Print every line of the material below exactly as it stands, but omit the pictures.

=== Section Start ===

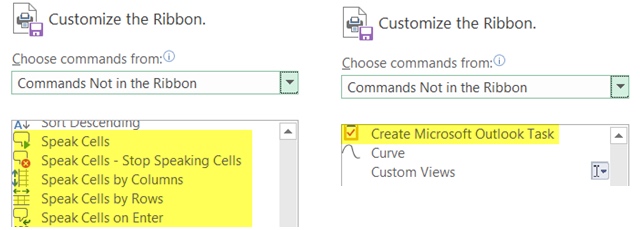 Office2016 功能区中的命令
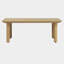 Table basse d'extérieur carrée en bois d'acacia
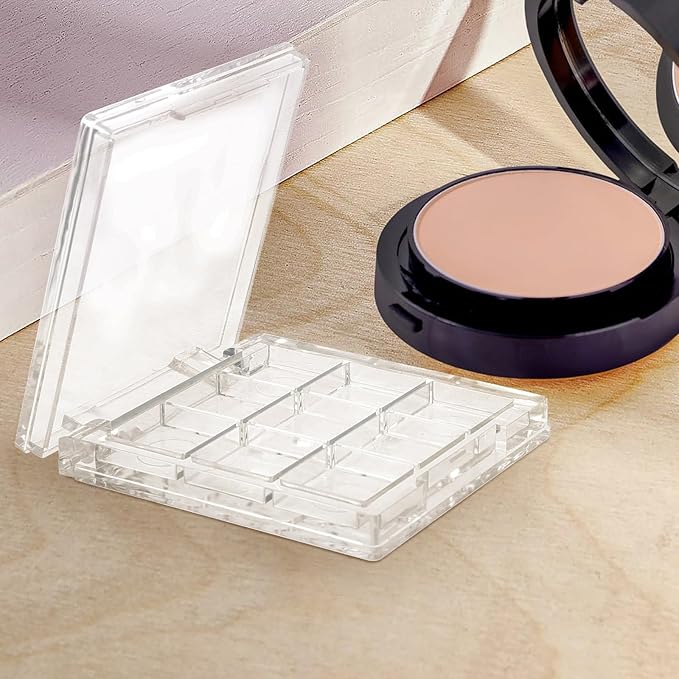 2pcs Empty Lipstick Palette Clear Lipstick Case Mini Highlighters Cross Body Bag Portable Makeup Organizer Storage Cases Sample Eye Shadow Plastic Empty Bracket Travel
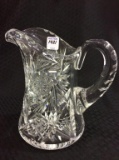 Crystal Glass Pitcher (8 Inches Tall)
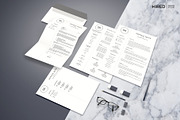 Minimalist CV Resume + Cover Letter, a Resume Template by HIRED Design Studio (Thumbnail 3 of 10)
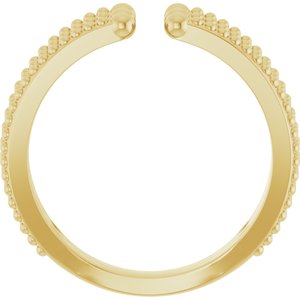 Beaded Negative Space Ring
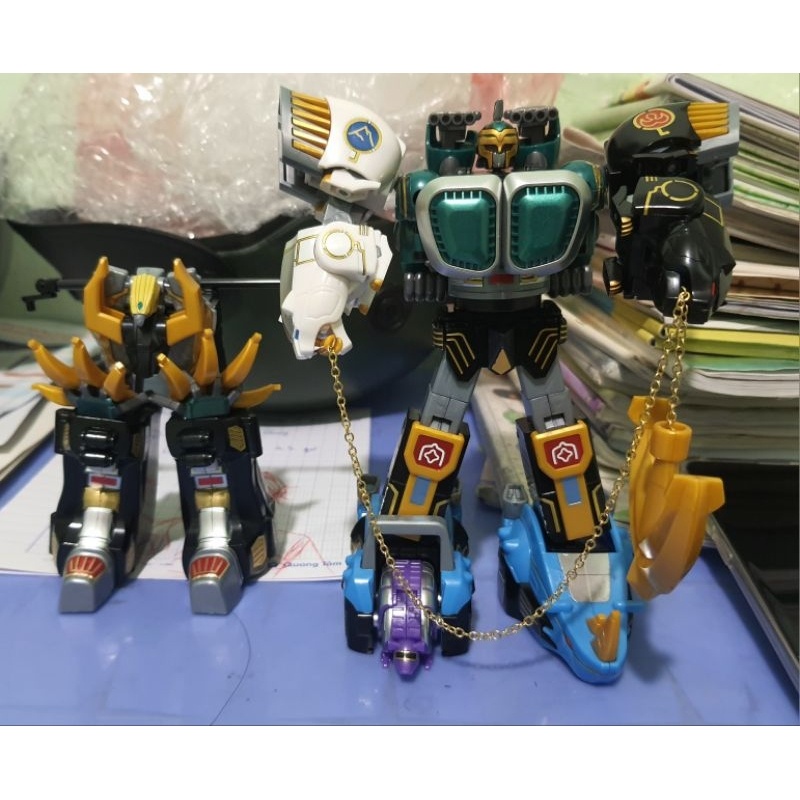 Mô hình đồ chơi siêu nhân gao Gaoranger SMP Bandai. gao Muscle.Tặng ô tô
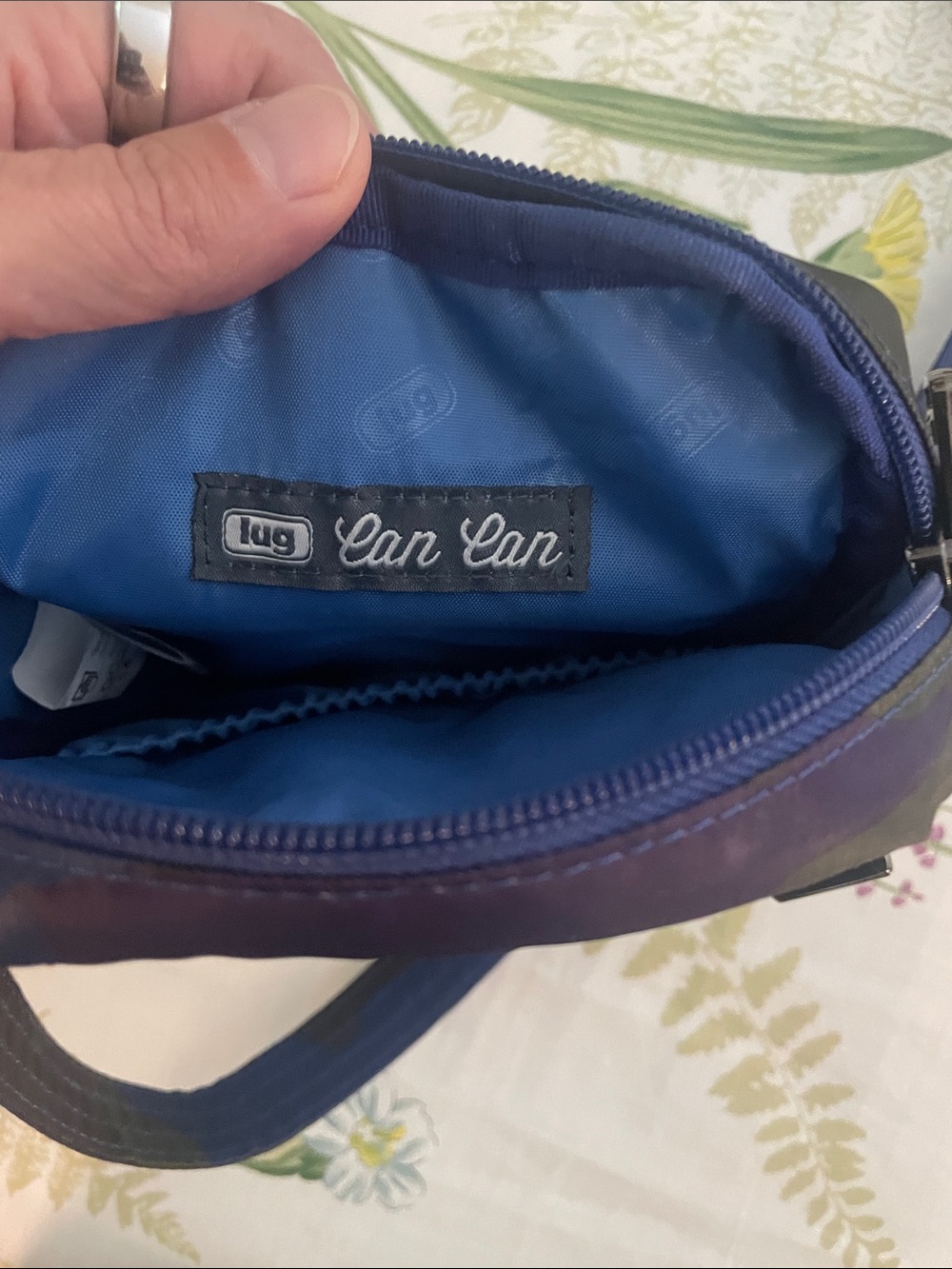 Lug Crossbody Utility Bag - Blue Camouflage - Picture 9 of 11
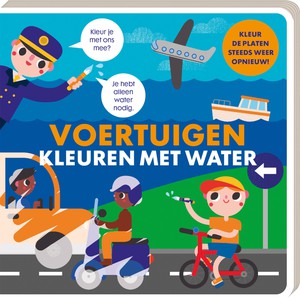 Kleuren met water - Voertuigen 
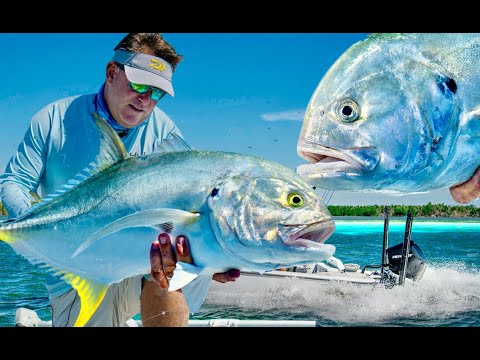 JACK CREVALLE CRAZINESS on *TOPWATER LURES* in the FLORIDA KEYS | FISHING | Saltwater Experience TV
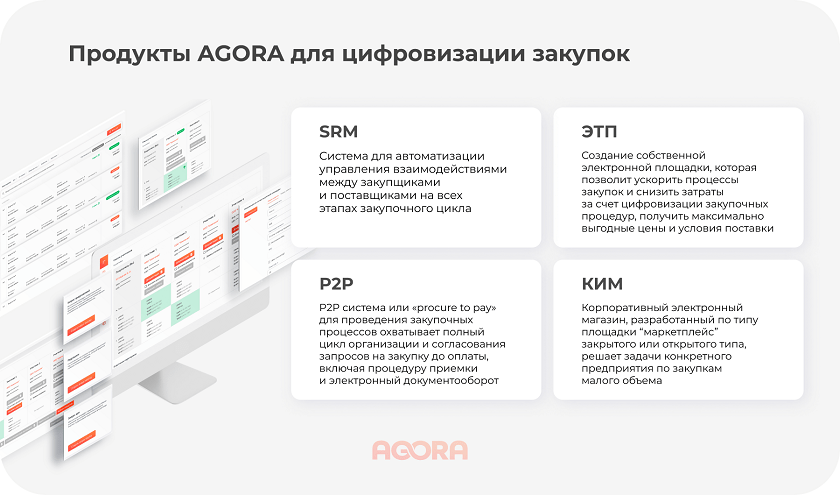 Продукты AGORA для цифровизации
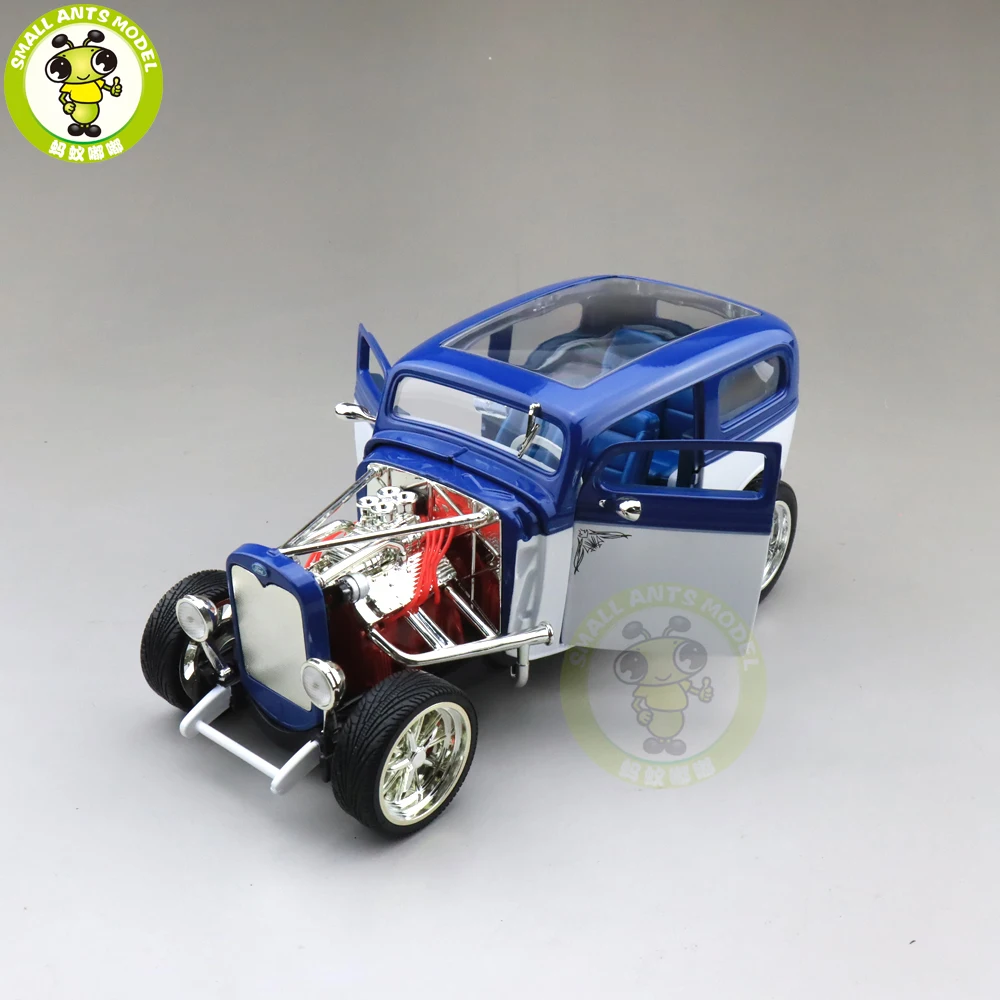 1/18 1931 Ford Модель на заказ седан дорога Подпись литая модель автомобиля игрушки для мальчиков и девочек подарок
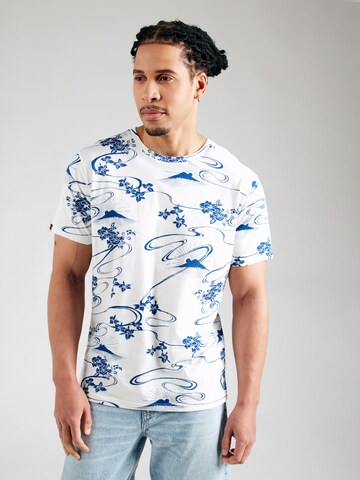 Superdry Shirt 'Classic Ess' in White: front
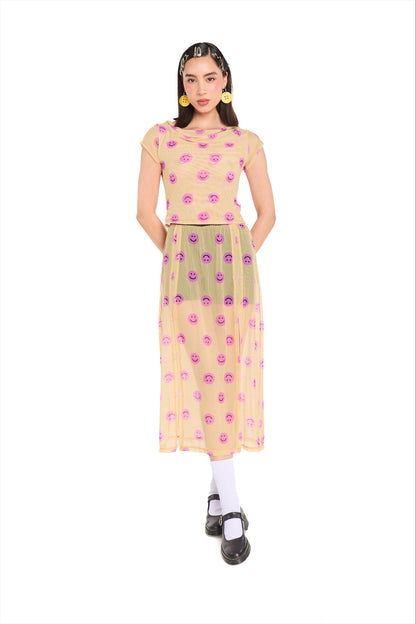 MAXI MESH AMARILLO ROSA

=== Section End ===

▸ **THE COMPLETED TASK**:
 Office2016 功能区中的命令
 Table basse d'extérieur carrée en bois d'acacia
 2pcs Empty Lipstick Palette Clear Lipstick Case Mini Highlighters Cross Body Bag Portable Makeup Organizer Storage Cases Sample Eye Shadow Plastic Empty Bracket Travel
 Crystal Glass Pitcher (8 Inches Tall)
 Minimalist CV Resume + Cover Letter, a Resume Template by HIRED Design Studio (Thumbnail 3 of 10)
 Beaded Negative Space Ring
 Mô hình đồ chơi siêu nhân gao Gaoranger SMP Bandai. gao Muscle.Tặng ô tô
 Lug Crossbody Utility Bag - Blue Camouflage - Picture 9 of 11
 Kleuren met water - Voertuigen 
 JACK CREVALLE CRAZINESS on *TOPWATER LURES* in the FLORIDA KEYS | FISHING | Saltwater Experience TV
 Продукты AGORA для цифровизации
 1/18 1931 Ford Модель на заказ седан дорога Подпись литая модель автомобиля игрушки для мальчиков и девочек подарок
 Superdry Shirt 'Classic Ess' in White: front
 MAXI MESH AMARILLO ROSA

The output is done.